From mboxrd@z Thu Jan  1 00:00:00 1970
Return-Path: <gcc-bugs-return-474536-listarch-gcc-bugs=gcc.gnu.org@gcc.gnu.org>
Received: (qmail 6654 invoked by alias); 23 Jan 2015 12:10:10 -0000
Mailing-List: contact gcc-bugs-help@gcc.gnu.org; run by ezmlm
Precedence: bulk
List-Id: <gcc-bugs.gcc.gnu.org>
List-Archive: <http://gcc.gnu.org/ml/gcc-bugs/>
List-Post: <mailto:gcc-bugs@gcc.gnu.org>
List-Help: <mailto:gcc-bugs-help@gcc.gnu.org>
Sender: gcc-bugs-owner@gcc.gnu.org
Received: (qmail 6499 invoked by uid 48); 23 Jan 2015 12:09:59 -0000
From: "rguenth at gcc dot gnu.org" <gcc-bugzilla@gcc.gnu.org>
To: gcc-bugs@gcc.gnu.org
Subject: [Bug tree-optimization/64745] New: Generic vectorization missed opportunities
Date: Fri, 23 Jan 2015 12:10:00 -0000
X-Bugzilla-Reason: CC
X-Bugzilla-Type: new
X-Bugzilla-Watch-Reason: None
X-Bugzilla-Product: gcc
X-Bugzilla-Component: tree-optimization
X-Bugzilla-Version: 5.0
X-Bugzilla-Keywords: missed-optimization
X-Bugzilla-Severity: normal
X-Bugzilla-Who: rguenth at gcc dot gnu.org
X-Bugzilla-Status: UNCONFIRMED
X-Bugzilla-Priority: P3
X-Bugzilla-Assigned-To: unassigned at gcc dot gnu.org
X-Bugzilla-Target-Milestone: ---
X-Bugzilla-Flags:
X-Bugzilla-Changed-Fields: bug_id short_desc product version bug_status keywords bug_severity priority component assigned_to reporter cf_gcctarget
Message-ID: <bug-64745-4@http.gcc.gnu.org/bugzilla/>
Content-Type: text/plain; charset="UTF-8"
Content-Transfer-Encoding: 7bit
X-Bugzilla-URL: http://gcc.gnu.org/bugzilla/
Auto-Submitted: auto-generated
MIME-Version: 1.0
X-SW-Source: 2015-01/txt/msg02530.txt.bz2

https://gcc.gnu.org/bugzilla/show_bug.cgi?id=64745

            Bug ID: 64745
           Summary: Generic vectorization missed opportunities
           Product: gcc
           Version: 5.0
            Status: UNCONFIRMED
          Keywords: missed-optimization
          Severity: normal
          Priority: P3
         Component: tree-optimization
          Assignee: unassigned at gcc dot gnu.org
          Reporter: rguenth at gcc dot gnu.org
            Target: x86_64-*-*, i?86-*-*

unsigned short a[2], b[2];
void foo (void)
{
  int i;
  for (i = 0; i < 2; ++i)
    a[i] = b[i];
}

unsigned char x[4], y[4];
void bar (void)
{
  int i;
  for (i = 0; i < 4; ++i)
    x[i] = y[i];
}

vectorizing this on i?86 (without SSE) fails for the first testcase at -O3
because we unroll the loop and SLP refuses to handle the "unaligned" load.
For the 2nd case we loop-vectorize it but apply versioning for alignment.
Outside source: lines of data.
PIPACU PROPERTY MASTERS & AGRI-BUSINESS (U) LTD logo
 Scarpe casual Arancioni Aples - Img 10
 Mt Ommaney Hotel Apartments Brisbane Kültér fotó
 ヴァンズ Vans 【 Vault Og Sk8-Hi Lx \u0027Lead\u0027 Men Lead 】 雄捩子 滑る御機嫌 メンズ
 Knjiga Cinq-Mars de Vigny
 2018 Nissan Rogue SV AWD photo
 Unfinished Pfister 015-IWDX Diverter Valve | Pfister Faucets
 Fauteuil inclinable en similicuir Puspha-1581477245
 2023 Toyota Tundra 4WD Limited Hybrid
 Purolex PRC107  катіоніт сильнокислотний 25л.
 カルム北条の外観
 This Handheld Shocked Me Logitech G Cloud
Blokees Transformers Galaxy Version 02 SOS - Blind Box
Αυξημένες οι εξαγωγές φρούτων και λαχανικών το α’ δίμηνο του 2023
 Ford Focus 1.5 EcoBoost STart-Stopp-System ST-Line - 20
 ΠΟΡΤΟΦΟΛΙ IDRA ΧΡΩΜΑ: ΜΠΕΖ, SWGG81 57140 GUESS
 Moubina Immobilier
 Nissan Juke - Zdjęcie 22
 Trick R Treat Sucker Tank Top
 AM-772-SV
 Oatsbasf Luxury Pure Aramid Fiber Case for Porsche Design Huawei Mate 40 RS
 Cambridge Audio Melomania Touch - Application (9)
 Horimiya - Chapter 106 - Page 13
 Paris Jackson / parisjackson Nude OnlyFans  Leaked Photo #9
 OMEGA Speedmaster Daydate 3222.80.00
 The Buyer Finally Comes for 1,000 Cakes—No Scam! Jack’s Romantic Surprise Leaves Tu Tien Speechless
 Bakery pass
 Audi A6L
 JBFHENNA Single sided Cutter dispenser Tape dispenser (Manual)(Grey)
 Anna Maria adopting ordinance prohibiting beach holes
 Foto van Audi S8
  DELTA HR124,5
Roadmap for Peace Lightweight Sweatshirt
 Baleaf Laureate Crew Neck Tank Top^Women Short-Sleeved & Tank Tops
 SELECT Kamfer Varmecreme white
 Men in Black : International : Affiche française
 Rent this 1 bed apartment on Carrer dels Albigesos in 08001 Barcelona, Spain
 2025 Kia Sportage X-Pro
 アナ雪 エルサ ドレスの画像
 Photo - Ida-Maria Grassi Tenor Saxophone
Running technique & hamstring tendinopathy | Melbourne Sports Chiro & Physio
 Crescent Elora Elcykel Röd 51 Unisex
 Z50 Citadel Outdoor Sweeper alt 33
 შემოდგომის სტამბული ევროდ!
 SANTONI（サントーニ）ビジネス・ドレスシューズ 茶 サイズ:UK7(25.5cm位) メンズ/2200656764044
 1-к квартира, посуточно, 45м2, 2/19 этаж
The alignment checks in the vectorizer do not account for non-vector modes.

If we fix that the first loop fails to SLP vectorize because of bogus
cost calculation:

t.c:6:13: note: Cost model analysis:
  Vector inside of basic block cost: 4
  Vector prologue cost: 0
  Vector epilogue cost: 0
  Scalar cost of basic block: 4
t.c:6:13: note: not vectorized: vectorization is not profitable.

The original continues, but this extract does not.